**What is needed**
Find the line with "Niebieskie Jeansy Skinny" in the data below. Repeat it and every line after it exactly, but not the pictures.

**Data segment**
***

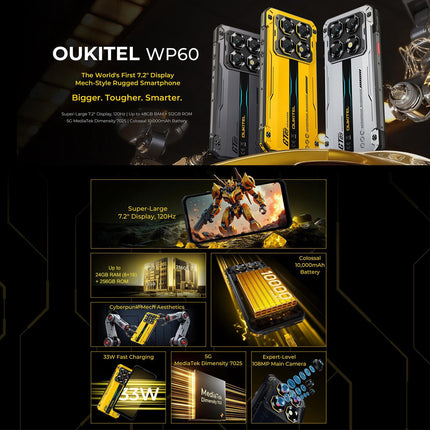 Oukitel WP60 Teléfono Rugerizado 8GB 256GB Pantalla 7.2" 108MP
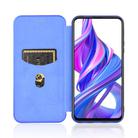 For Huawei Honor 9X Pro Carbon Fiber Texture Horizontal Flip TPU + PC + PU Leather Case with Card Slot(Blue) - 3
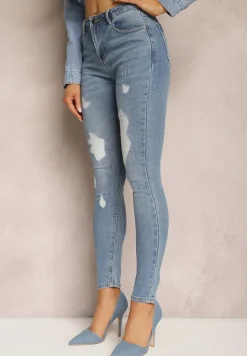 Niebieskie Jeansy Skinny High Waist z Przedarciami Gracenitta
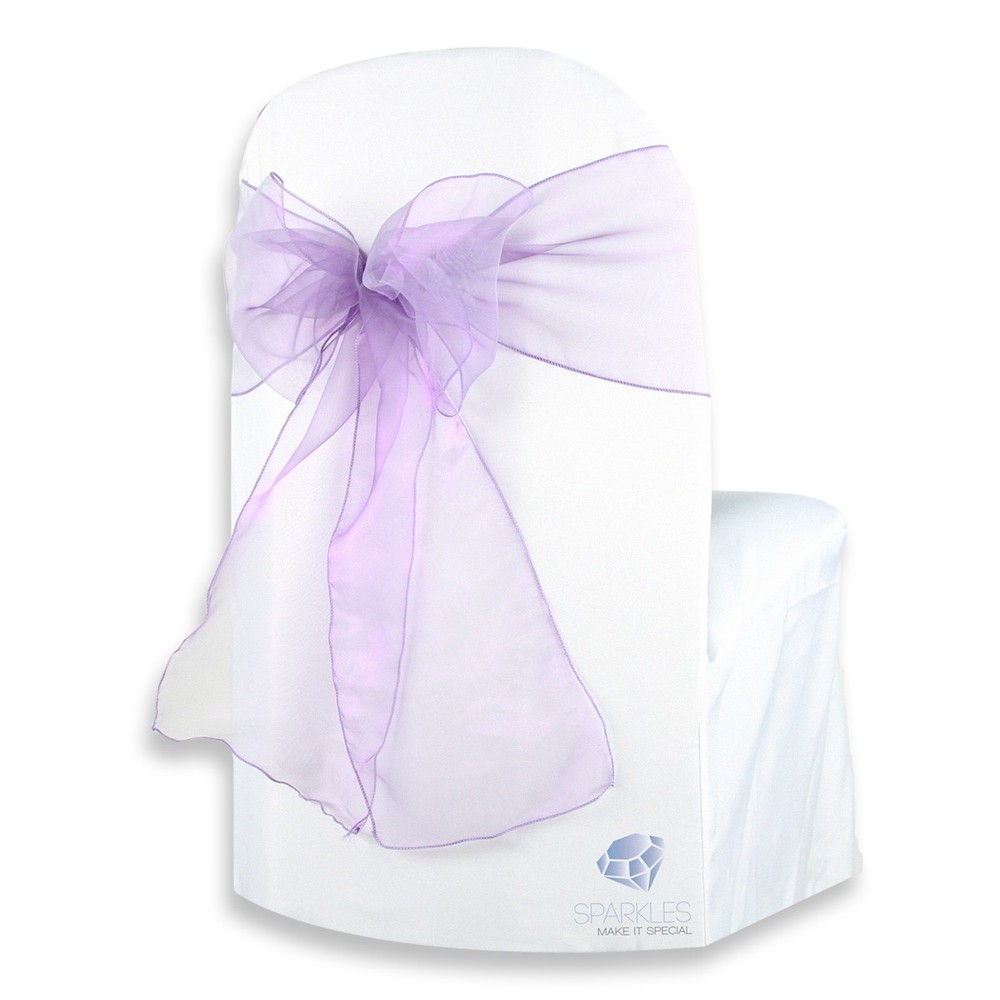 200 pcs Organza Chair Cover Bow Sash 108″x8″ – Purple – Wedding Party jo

***

**Result of this exercise**
 Niebieskie Jeansy Skinny High Waist z Przedarciami Gracenitta
 200 pcs Organza Chair Cover Bow Sash 108″x8″ – Purple – Wedding Party jo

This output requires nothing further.